─── RECORDS FOR PROCESSING ───

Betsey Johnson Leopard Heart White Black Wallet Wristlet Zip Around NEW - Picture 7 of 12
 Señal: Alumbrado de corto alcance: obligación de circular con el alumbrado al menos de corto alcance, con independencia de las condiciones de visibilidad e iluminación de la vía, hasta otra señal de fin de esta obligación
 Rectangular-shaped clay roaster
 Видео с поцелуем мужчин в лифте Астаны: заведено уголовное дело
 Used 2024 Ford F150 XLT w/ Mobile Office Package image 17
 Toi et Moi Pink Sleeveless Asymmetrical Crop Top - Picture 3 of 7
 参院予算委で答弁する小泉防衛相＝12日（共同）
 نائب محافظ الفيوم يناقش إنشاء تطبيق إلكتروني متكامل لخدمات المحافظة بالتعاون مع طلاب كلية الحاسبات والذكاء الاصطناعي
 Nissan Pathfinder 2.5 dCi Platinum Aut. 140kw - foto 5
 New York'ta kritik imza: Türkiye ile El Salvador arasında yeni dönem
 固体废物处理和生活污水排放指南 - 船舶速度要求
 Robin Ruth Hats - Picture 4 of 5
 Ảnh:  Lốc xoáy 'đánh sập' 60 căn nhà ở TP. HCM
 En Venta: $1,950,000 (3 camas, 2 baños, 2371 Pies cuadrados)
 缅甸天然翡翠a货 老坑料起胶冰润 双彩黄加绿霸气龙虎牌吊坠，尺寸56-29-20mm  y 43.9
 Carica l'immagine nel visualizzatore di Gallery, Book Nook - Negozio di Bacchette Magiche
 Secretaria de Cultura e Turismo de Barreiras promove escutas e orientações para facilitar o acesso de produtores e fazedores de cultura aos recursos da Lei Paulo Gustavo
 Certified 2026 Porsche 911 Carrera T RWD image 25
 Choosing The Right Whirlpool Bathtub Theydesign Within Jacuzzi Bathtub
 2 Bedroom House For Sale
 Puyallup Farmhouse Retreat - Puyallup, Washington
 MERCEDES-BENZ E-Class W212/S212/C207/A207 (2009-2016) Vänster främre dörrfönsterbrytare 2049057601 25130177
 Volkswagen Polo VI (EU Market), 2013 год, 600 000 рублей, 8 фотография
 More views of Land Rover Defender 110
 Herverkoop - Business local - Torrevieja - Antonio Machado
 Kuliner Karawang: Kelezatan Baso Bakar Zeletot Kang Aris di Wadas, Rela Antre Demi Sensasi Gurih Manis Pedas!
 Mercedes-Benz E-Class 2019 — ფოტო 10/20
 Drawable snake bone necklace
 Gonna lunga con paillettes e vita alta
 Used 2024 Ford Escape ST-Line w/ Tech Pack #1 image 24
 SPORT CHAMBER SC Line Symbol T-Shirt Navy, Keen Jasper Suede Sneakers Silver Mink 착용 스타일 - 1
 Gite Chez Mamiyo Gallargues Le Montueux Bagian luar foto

───

▶ **INSTRUCTIONS FOR THE TASK**
Go to the line with "Herverkoop - Business" in the entries above and repeat every line from there through the line with "Used 2024 Ford Escape", exactly and with no other text.

▶ **OUTPUT**
 Herverkoop - Business local - Torrevieja - Antonio Machado
 Kuliner Karawang: Kelezatan Baso Bakar Zeletot Kang Aris di Wadas, Rela Antre Demi Sensasi Gurih Manis Pedas!
 Mercedes-Benz E-Class 2019 — ფოტო 10/20
 Drawable snake bone necklace
 Gonna lunga con paillettes e vita alta
 Used 2024 Ford Escape ST-Line w/ Tech Pack #1 image 24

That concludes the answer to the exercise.